Work item:
Please repeat exactly the lines from the one containing "Nems Avec Plus" through the last line of the records below, both included, and leave out any pictures.

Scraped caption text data
*** Begin section ***

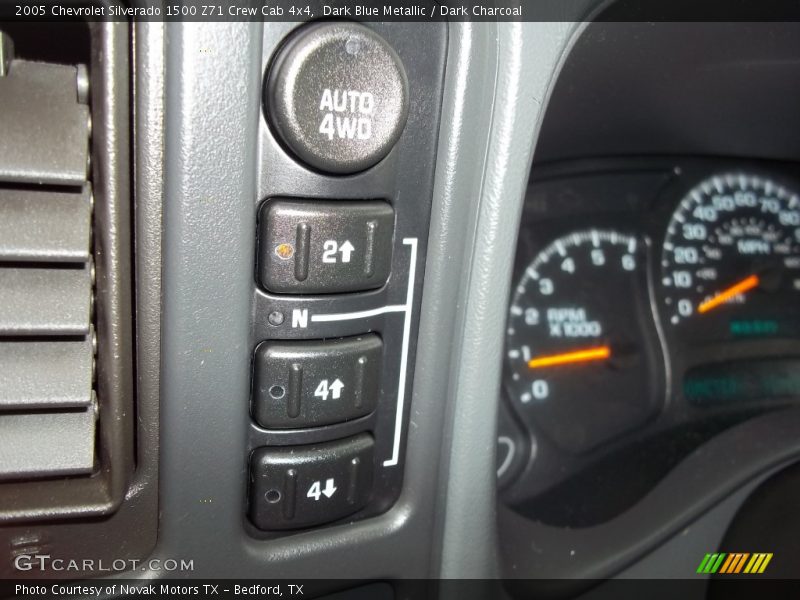 Dark Blue Metallic / Dark Charcoal 2005 Chevrolet Silverado 1500 Z71 Crew Cab 4x4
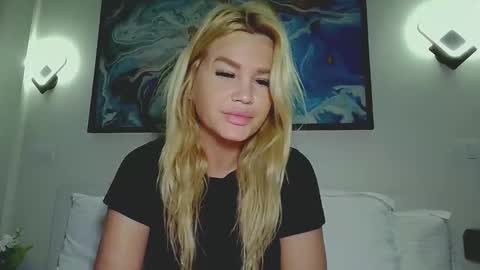 Snapshot of moni_ chatting on 01/14/26, 03:56 Monica online show from 01/14/26, 03:56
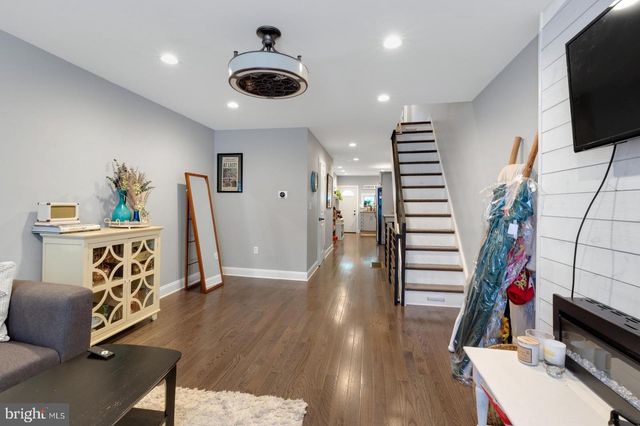 2147 E HAGERT ST, Philadelphia, PA 19125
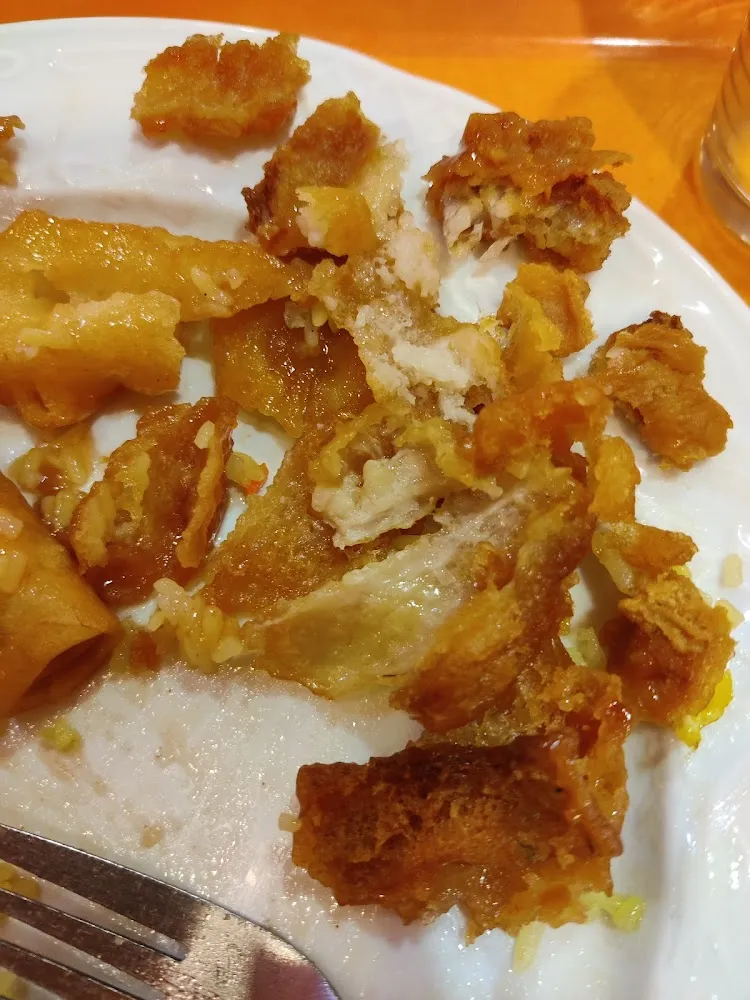 Nems Avec Plus de Pâte À Beignets Et Rien Dedans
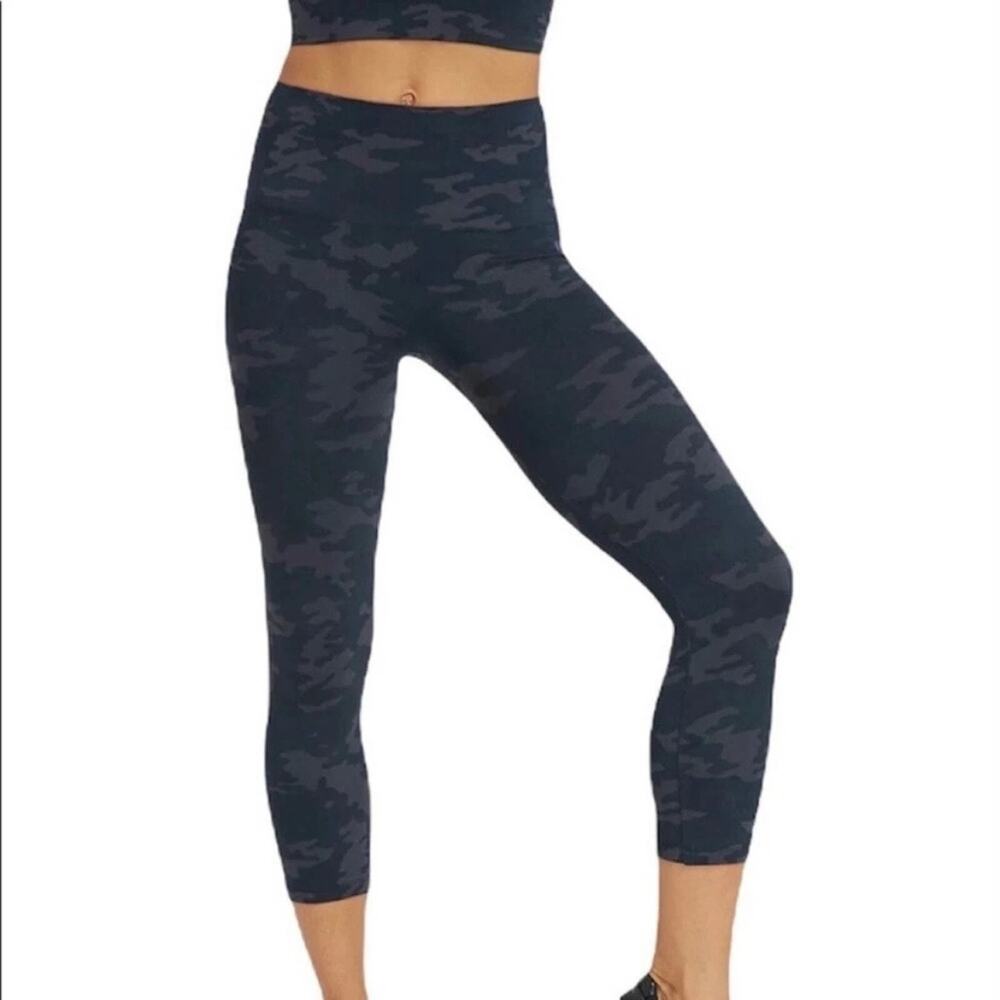 SPANX Look at Me Now Seamless Cropped Leggings in Black Camo Size L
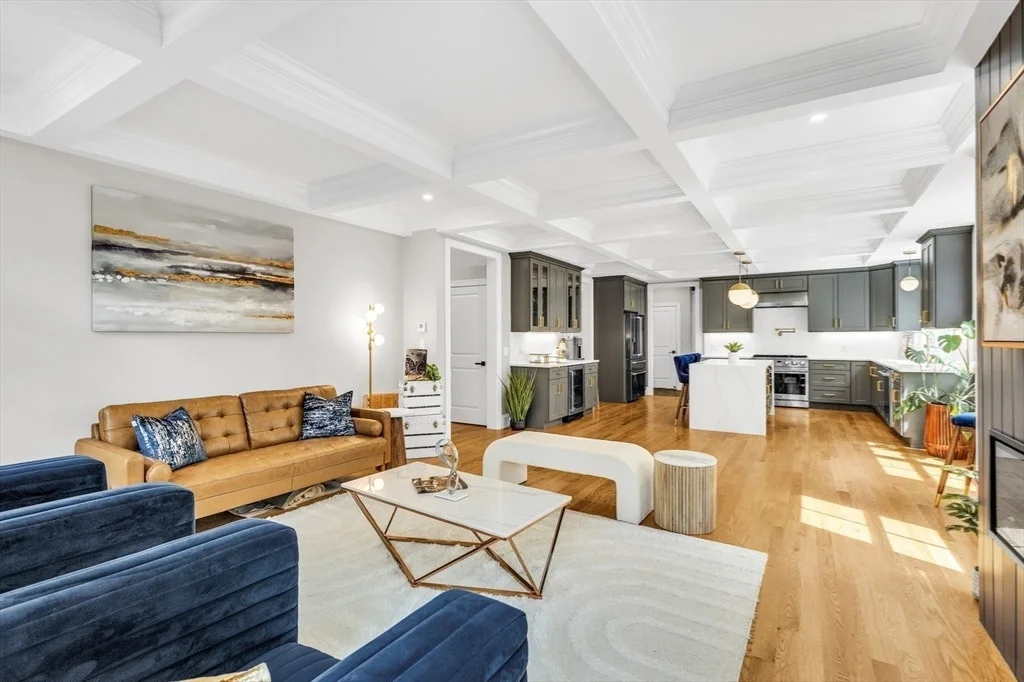Photo of 3 Oak Meadow Cir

*** End section ***

Solution:
 Nems Avec Plus de Pâte À Beignets Et Rien Dedans
 SPANX Look at Me Now Seamless Cropped Leggings in Black Camo Size L
Photo of 3 Oak Meadow Cir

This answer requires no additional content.